I already mentioned the Tactus disc, which is devoted to the Capricci Poetici of 1649. This collection was dedicated to Nicolò Sagredo, who had been his patron and was at the time Venetian ambassador to the Habsburg court. It comprises two volumes: the first - recorded here - includes six arias and three cantatas for solo voice and one canzonetta for two voices, all with basso continuo. The second consists of two dramatic madrigals; one of them is L'infortunio d'Angelica, recorded by Scherzi Musicali.

There is little dramatic in the arias and cantatas, and - despite the different indications - there is not much difference between the two genres. They are all strophic and deal with (unhappy) love. Only in some pieces we find some declamatory passages, such as in Vibrate pur vibrate dalle pupille (Aria II) and Deh qual virtude Filli si chiude (Aria IV). The strophic form restricts the possibilities of text expression. However, there are some examples of it, such as the closing of the Cantata II, Or che chiarissime da l'altro ciel: "And I leave in full torment". Comparable texts are included in the Aria V, Amo e sento nel petto. The last two lines of the even stanzas express the same thoughts: "Alas, how great is my pain to be a lover and sigh for love". Here Sances uses marked modulations to express the text.

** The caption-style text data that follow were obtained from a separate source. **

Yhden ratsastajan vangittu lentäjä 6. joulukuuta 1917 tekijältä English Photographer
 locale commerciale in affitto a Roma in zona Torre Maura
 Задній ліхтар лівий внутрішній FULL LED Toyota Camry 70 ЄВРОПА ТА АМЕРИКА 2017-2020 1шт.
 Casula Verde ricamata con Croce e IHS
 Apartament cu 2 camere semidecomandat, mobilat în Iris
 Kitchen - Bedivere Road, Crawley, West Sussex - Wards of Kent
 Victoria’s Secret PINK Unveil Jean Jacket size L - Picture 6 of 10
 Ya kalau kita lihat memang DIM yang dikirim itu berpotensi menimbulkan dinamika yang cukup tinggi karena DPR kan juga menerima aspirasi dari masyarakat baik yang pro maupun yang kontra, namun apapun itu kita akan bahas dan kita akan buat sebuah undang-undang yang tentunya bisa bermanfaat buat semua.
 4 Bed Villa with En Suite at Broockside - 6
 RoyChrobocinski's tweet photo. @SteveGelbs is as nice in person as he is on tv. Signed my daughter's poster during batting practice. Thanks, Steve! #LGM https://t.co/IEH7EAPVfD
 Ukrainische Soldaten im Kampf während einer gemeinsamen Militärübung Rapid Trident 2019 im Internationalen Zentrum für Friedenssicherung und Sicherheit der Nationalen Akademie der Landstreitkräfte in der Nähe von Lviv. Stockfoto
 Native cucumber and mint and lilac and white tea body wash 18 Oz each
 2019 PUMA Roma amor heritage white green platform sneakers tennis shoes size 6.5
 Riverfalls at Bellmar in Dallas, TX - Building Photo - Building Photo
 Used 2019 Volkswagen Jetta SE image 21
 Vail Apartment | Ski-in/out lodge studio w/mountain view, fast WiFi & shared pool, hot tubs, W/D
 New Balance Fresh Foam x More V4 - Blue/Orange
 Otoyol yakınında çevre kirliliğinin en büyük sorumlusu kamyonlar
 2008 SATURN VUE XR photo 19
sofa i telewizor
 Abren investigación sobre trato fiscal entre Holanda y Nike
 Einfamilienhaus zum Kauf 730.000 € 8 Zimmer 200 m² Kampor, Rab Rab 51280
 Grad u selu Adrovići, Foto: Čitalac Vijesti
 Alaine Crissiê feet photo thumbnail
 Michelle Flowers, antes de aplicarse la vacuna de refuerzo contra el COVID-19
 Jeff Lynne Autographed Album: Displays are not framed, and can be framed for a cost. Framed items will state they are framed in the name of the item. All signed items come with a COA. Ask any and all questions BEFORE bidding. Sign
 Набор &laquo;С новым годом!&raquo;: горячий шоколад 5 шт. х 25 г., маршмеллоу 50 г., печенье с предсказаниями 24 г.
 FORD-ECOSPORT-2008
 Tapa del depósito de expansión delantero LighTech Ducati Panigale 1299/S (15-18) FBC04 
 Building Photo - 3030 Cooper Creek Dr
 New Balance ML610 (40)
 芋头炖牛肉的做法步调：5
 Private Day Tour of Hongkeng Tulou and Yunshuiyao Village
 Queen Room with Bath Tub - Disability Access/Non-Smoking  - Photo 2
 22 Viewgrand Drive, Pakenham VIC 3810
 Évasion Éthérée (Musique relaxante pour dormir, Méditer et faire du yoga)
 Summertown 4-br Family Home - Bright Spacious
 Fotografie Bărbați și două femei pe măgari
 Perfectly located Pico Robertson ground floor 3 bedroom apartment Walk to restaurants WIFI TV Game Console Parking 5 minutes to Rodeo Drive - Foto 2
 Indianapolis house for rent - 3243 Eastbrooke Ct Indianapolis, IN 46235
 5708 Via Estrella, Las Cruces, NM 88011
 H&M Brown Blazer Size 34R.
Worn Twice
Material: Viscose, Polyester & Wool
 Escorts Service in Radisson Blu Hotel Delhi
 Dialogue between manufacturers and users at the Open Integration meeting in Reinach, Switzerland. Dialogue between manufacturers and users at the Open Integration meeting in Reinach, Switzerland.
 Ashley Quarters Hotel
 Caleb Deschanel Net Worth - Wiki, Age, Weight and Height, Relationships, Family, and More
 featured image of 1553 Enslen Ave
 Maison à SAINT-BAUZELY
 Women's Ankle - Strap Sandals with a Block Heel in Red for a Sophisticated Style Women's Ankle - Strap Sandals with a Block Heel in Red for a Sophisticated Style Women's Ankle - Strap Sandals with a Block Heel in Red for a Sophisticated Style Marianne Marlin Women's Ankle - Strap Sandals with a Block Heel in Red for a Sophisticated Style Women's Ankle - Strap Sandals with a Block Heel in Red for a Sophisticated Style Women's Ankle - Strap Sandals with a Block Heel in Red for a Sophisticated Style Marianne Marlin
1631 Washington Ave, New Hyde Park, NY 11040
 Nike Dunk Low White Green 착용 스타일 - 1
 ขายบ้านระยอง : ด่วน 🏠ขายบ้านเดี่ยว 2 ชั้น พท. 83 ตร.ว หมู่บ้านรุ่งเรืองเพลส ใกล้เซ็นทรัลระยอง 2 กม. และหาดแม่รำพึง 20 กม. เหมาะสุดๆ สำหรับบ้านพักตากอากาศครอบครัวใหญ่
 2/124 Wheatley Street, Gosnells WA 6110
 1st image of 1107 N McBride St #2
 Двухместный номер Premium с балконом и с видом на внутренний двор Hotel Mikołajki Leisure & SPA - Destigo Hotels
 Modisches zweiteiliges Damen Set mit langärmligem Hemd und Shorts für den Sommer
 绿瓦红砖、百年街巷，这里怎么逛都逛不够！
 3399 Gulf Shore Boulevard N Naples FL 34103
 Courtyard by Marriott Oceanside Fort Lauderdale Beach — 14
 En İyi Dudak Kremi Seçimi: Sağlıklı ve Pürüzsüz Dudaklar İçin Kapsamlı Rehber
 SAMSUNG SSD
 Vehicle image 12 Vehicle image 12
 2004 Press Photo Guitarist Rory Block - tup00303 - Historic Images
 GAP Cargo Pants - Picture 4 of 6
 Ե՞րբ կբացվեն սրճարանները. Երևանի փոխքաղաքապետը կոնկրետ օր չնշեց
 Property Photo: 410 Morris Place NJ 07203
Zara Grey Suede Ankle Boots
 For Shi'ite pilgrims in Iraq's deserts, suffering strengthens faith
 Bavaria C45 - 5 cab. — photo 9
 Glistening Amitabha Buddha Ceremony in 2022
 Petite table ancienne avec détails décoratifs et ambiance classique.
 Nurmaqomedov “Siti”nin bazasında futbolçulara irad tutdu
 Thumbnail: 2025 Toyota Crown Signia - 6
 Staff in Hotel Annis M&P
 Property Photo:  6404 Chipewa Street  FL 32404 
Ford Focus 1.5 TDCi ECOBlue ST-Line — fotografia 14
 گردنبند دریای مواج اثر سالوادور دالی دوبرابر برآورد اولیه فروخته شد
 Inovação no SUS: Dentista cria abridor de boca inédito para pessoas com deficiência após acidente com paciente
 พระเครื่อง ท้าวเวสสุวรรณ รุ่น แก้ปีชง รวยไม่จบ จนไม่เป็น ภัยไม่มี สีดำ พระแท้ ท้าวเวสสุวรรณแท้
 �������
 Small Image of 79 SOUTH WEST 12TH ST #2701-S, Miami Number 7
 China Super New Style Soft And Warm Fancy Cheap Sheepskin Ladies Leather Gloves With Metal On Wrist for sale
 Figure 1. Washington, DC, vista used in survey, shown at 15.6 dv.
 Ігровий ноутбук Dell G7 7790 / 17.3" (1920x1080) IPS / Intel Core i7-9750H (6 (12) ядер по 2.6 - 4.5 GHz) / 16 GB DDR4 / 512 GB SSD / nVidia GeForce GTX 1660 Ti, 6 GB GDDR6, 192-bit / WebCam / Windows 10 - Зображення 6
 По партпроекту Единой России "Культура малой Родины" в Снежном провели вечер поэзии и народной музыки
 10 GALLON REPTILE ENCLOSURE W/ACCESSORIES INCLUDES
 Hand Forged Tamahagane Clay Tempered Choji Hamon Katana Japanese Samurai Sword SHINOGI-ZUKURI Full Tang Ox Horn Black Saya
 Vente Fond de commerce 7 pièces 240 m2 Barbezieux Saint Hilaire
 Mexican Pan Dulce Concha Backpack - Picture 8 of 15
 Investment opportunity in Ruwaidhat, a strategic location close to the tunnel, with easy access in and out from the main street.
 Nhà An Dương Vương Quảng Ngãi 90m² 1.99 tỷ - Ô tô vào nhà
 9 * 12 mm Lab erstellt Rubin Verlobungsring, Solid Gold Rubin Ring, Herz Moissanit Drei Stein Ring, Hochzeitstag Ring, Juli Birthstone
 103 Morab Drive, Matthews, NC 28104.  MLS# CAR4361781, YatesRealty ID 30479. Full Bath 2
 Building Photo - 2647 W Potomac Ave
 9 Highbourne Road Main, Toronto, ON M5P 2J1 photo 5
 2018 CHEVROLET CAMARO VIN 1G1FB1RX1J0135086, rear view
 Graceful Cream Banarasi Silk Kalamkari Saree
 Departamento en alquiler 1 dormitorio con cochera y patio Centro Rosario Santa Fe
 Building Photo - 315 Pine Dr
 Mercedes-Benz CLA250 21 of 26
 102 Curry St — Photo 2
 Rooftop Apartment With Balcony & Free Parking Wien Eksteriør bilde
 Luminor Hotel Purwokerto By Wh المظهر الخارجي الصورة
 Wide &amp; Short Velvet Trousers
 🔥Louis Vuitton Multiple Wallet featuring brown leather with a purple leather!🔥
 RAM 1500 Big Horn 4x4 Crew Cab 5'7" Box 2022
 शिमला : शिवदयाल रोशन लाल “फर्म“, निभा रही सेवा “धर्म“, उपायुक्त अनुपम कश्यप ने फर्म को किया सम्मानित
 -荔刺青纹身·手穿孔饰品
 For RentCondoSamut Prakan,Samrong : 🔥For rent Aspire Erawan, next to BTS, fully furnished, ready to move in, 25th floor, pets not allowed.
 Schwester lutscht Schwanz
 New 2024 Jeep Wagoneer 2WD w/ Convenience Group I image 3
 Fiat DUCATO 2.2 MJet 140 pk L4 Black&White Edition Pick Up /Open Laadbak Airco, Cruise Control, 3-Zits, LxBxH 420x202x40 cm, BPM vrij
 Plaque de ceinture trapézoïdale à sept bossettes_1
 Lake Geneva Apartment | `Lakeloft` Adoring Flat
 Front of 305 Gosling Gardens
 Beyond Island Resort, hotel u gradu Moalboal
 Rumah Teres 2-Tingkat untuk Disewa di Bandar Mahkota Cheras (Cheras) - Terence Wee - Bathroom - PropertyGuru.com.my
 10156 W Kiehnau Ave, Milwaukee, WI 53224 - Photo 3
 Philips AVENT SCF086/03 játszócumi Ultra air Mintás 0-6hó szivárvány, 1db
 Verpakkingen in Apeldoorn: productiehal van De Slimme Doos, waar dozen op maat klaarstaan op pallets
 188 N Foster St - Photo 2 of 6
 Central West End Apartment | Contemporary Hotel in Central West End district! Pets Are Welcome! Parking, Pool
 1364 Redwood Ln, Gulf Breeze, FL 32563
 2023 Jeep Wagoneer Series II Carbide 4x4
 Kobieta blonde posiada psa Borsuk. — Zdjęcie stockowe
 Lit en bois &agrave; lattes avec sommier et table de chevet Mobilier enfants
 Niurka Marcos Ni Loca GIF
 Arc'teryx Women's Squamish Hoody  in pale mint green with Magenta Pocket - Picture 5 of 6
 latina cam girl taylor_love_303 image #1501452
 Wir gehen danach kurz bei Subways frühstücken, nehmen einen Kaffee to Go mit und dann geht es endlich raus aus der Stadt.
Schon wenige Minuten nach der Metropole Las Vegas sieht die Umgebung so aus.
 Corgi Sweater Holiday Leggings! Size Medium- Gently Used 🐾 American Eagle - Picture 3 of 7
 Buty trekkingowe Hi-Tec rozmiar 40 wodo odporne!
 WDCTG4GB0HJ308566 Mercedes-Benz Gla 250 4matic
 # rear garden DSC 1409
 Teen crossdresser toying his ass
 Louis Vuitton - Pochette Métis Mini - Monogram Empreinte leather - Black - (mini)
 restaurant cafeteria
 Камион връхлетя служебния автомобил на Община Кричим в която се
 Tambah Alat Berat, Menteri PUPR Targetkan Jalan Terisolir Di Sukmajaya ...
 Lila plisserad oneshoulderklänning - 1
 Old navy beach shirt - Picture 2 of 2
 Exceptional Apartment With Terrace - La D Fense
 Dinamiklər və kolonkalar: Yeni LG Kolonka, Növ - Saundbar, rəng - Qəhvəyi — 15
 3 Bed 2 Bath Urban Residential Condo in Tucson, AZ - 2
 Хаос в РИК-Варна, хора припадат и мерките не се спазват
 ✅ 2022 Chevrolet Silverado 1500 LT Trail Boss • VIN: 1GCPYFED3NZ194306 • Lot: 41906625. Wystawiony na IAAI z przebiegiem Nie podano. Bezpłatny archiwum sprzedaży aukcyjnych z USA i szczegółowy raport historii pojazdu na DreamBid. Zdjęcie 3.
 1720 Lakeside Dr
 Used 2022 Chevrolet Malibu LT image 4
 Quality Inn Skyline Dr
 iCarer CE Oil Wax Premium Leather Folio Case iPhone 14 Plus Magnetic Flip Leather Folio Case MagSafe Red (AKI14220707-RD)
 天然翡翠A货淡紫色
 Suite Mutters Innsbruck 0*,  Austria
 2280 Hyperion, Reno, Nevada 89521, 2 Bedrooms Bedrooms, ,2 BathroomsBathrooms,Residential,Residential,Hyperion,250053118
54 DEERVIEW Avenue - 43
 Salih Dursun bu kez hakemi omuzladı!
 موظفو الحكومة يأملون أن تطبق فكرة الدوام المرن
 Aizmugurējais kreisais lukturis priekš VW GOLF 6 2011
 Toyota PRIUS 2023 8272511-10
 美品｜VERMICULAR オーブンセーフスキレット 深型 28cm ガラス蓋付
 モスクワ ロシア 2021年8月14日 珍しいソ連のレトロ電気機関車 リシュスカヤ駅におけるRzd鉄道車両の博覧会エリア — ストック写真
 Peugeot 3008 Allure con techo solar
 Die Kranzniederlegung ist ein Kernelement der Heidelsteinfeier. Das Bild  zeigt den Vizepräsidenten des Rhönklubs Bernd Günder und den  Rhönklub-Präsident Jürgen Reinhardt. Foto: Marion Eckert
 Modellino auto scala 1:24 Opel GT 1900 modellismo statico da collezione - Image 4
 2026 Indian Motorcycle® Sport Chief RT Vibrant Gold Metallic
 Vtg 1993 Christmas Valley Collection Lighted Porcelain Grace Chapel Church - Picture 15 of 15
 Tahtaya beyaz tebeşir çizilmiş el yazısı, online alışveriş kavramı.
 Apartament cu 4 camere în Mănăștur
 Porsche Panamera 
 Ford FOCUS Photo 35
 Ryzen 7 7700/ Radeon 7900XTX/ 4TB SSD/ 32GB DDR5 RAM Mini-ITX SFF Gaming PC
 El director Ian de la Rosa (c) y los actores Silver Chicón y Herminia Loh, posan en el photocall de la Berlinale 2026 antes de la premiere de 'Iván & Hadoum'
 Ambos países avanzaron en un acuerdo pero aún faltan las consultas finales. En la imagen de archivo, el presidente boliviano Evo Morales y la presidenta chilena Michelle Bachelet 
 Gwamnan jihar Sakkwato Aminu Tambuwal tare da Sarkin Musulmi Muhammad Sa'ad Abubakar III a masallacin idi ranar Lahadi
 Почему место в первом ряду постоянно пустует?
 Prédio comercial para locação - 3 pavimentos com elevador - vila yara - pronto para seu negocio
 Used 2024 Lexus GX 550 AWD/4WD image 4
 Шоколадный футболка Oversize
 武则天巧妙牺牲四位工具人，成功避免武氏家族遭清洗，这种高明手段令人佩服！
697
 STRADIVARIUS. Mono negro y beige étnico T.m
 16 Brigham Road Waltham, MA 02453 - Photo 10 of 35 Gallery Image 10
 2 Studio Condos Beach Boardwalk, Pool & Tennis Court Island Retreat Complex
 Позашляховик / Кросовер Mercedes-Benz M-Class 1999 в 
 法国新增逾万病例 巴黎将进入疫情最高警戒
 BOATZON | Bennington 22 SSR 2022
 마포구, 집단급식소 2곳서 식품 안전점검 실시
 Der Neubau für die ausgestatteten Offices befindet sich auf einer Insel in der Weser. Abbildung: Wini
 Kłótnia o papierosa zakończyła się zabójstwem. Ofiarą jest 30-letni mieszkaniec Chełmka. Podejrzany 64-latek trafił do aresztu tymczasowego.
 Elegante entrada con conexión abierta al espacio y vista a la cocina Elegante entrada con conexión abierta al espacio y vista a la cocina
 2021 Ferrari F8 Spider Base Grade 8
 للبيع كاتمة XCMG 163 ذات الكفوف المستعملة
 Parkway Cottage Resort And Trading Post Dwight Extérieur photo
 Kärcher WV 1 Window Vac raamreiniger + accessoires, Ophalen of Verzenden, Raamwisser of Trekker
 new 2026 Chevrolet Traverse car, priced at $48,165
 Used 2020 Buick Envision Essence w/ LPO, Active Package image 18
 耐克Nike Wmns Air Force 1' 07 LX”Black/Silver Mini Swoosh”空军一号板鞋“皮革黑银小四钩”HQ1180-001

I am not sure that it was a very good idea to present these pieces on one disc. A mixture of the two parts of the Capricci Poetici, or a mixture with other pieces from Sances's pen - like in Scherzi Musicali's recording - would have been preferable. The scoring is the same, and as there seems to be no difference in tessitura one wonders, why two singers were engaged, especially as their voices are not very different. Unfortunately, Beatrice Mercuri, being a mezzo-soprano, has some problems with the top-notes which sometimes sound a bit stressed.

I must say that I find it not easy to assess the quality of Sances's secular music. I have heard some of his sacred music, which I greatly appreciated. As it seems unreasonable to assume that his secular music is not of the same quality, one probably has to conclude that these two recordings leave something to be desired. I found it hard to keep my concentration while listening to the Tactus disc. Irene Morelli and Beatrice Mercuri have nice voices and their performances are certainly stylish, but not very expressive. There is too little difference in colour and dynamics. Sometimes the performers just seem to miss the point. The Aria VI, for instance, includes some humorous elements: "Just because I called her old for fun now my love is angry and spits curses at me. Oh, betraying thoughts, I joked and hurt and spoke the truth for the future." Little of that comes off here. Scherzi Musicali is clearly better, but even there I feel that more could have been made of Sances's music.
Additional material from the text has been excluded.